Schüler hängen häufiger ab

Schenk bestätigt den höheren Krankenstand. Drei Schulen hätten Überlastungsanzeigen gemacht: eine Real-, eine Gemeinschafts- und eine Werkrealschule. Der Auslöser sei immer der gleiche: „Fehlende Ressourcen führen dazu, dass man pädagogisch nicht mehr so arbeiten kann, wie man möchte. Das führt dazu, dass Schüler abhängen und auffällig werden.“ Daraus resultierende Schul- und Unterrichtsausschlüsse seien „oft ein Thema“, so Schenk.

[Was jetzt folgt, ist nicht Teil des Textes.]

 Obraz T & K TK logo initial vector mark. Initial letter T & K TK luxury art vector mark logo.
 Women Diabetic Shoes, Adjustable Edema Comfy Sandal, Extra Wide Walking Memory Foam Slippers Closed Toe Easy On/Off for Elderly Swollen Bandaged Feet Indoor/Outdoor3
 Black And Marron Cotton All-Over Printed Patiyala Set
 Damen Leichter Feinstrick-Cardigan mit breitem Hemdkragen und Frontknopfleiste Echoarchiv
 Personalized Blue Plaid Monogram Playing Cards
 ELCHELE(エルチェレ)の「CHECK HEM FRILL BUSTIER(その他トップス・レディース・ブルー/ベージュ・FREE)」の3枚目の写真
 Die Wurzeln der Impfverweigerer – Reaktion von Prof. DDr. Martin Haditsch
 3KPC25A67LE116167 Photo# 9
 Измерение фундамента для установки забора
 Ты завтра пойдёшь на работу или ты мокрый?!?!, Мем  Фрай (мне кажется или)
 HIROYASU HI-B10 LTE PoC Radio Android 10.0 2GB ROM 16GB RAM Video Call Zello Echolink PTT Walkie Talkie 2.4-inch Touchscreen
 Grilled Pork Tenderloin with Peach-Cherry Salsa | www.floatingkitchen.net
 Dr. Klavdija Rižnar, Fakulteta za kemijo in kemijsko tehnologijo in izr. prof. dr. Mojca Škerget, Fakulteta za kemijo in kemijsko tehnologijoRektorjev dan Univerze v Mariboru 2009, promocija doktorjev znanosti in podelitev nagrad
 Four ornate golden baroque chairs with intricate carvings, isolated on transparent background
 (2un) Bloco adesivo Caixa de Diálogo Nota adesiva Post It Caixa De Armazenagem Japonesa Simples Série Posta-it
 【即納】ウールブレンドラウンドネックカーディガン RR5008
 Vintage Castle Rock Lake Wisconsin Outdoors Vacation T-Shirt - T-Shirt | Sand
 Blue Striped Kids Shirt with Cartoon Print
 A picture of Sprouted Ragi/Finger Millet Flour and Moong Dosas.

Doch was könnte den Realschulen aus der Patsche helfen? „Helfen würden kleinere Klassen und mehr Personal“, sagt Koterbicki. Dies fordert auch die Gewerkschaft Erziehung und Wissenschaft (GEW). „25 Schüler pro Klasse sind genug“, so GEW-Sprecher Matthias Schneider. Denn die Realschule sei „die Schulart mit den größten Veränderungen“. Das habe vor allem mit der veränderten Schülerschaft zu tun. Der GEW-Kreisvorsitzende Erwin Berger sagt, Lehrer müssten zunehmend Erziehungsaufgaben übernehmen, würden beschimpft und bedroht, die Schulsozialarbeit reiche nicht aus. Fortbildungen zum Umgang mit heterogenen Klassen seien ausgebucht. Die Poolstunden seien ein Fortschritt, das allein reiche aber nicht, so Schneider. Auch Schenk findet, die Poolstunden würden „schon etwas nutzen, wenn wir sie besetzen können“. Aber: „Wir warten sehnsüchtig auf die Zeiten, in denen wir wieder genügend Lehrer kriegen, um die Schulen auskömmlich zu versorgen.“

Koterbicki regt an, noch einmal über das M-Niveau in Klasse fünf und sechs nachzudenken. Denn Schüler, die dem nicht gewachsen seien, bremsten andere aus. Man müsse „aufpassen, dass das Niveau nicht sinkt“. Und: „Ich kämpfe dafür, dass wir eine Realschule sind und dem auch weiterhin gerecht werden – das ist unser Auftrag.“ Die beiden Realschullehrer sind pessimistisch: „Der erste Schlag wird kommen, wenn diese Generation auf den Arbeitsmarkt kommt“ – vielleicht schon nach dem Ende des nächsten Schuljahres.